There are over 70 million Deaf people worldwide using anywhere from around 150 to over 300 sign languages, yet these natural languages have been largely neglected by the field of natural language processing (NLP). In the same way that there is increased attention on extending language technology to low-resource spoken languages to protect them from endangerment, there is a growing urgency to support sign language technology and avoid perpetuating linguistic suppression in the digital age.

Due to the visual nature of sign languages, most advancements in sign language processing (SLP) have been driven by the Computer Vision (CV) community. However, CV approaches fail to capture the linguistic structure of the data, something that NLP excels at. NLP researchers have been urged to turn their considerable talents and expertise to developing effective tools for recognizing, translating, and generating sign language in collaboration with CV researchers and the Deaf community.

Extremely Low-Resource

Sign languages present a unique challenge to NLP for a number of reasons. For one, they have no widely accepted written standard, making it difficult to apply existing text-dependent NLP pipelines. 

Using text to capture the intricacies of hand gestures, facial expressions, head and body movements, as well as the capacity to convey multiple ‘words’ in parallel and use space grammatically, is far from straightforward. Although a number of both universal and language-specific notation systems have been proposed, none have been reliably adopted.

This in turn compounds the challenge of data scarcity as highly specialized annotators trained to use special notation or gloss schema are required to produce labeled data. Moreover, sign languages are considered extremely low-resource as even unlabelled data is difficult to collect and anonymize. 

So while unsupervised learning on huge datasets has led to impressive jumps in performance for NLP, it is unlikely to be available for sign languages any time soon.
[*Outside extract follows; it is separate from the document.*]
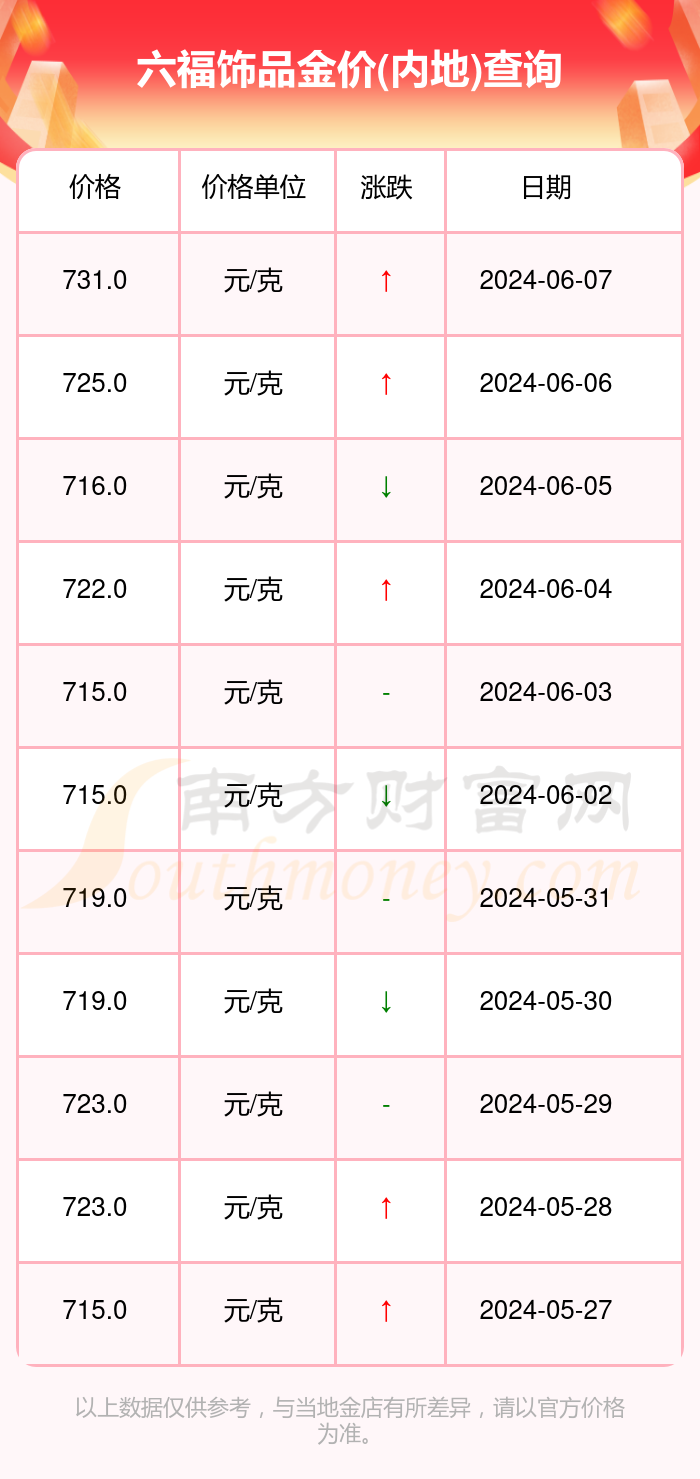 澳门六福今日金价查询，最新消息与今日开奖时间全解析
Sign languages are considered extremely low-resource as even unlabelled data is difficult to collect and anonymize.

At least work on another major challenge, sign language generation, is showing some exciting improvements. If Signapse’s photo-realistic approach can be generalized to a broader range of domains, it might be possible to perform data augmentation to train new SLP models. 

However, there is no doubt that more real-world sign language corpora, along with the ability to anonymize signers in video footage, are needed to improve the state of SLP. As it should be, close collaboration with and involvement of the Deaf community will be the most important factor in determining the future of technology in their native languages.